• **WORK TASK**: No pictures, nothing altered: return the data below.

• **DATASET CONTENT**:
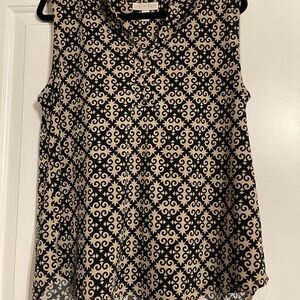 Dana Buchman Black and Beige Patterned Sleeveless Top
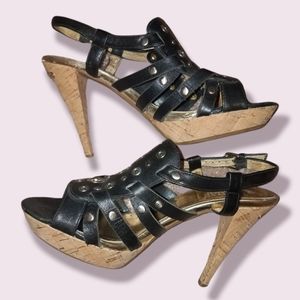 🔥 Michael Kors 🔥 Peep Toe Studded Cork Heels 6M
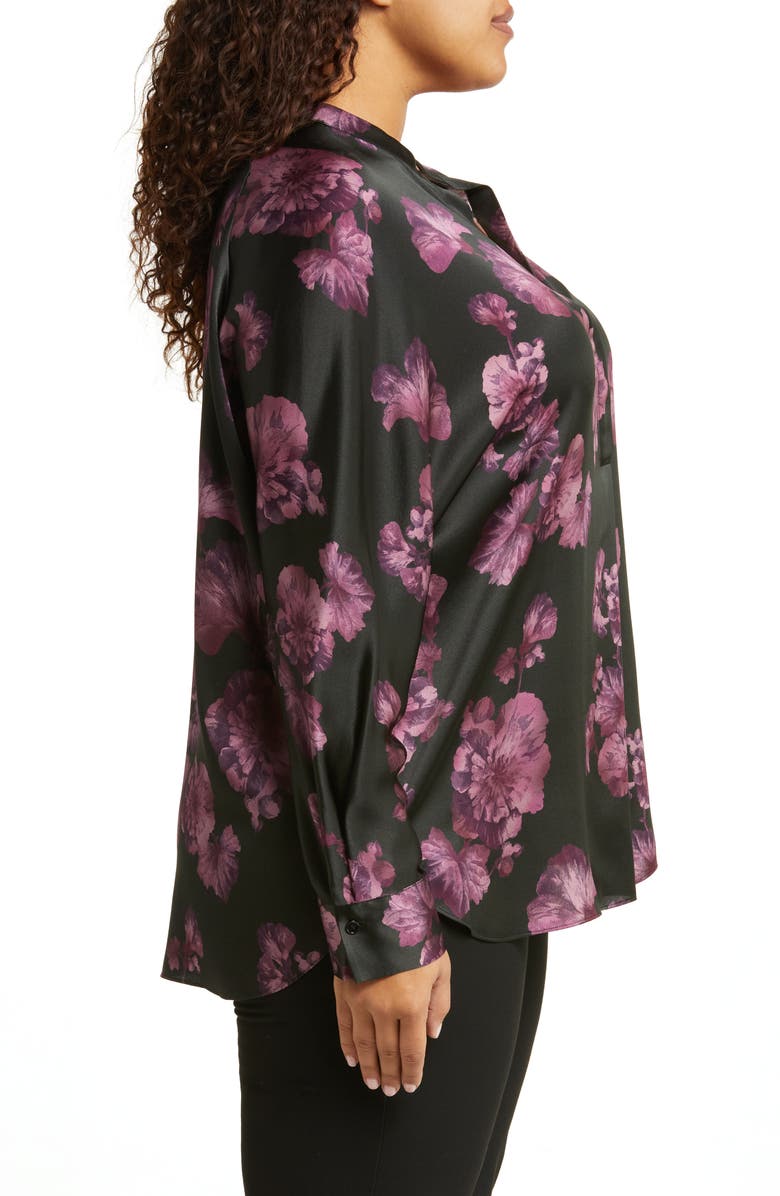 Vince Begonia Print Silk Popover Top, Alternate, color,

• **RESPONSE TO THIS EXERCISE**:
 Dana Buchman Black and Beige Patterned Sleeveless Top
 🔥 Michael Kors 🔥 Peep Toe Studded Cork Heels 6M
 Vince Begonia Print Silk Popover Top, Alternate, color,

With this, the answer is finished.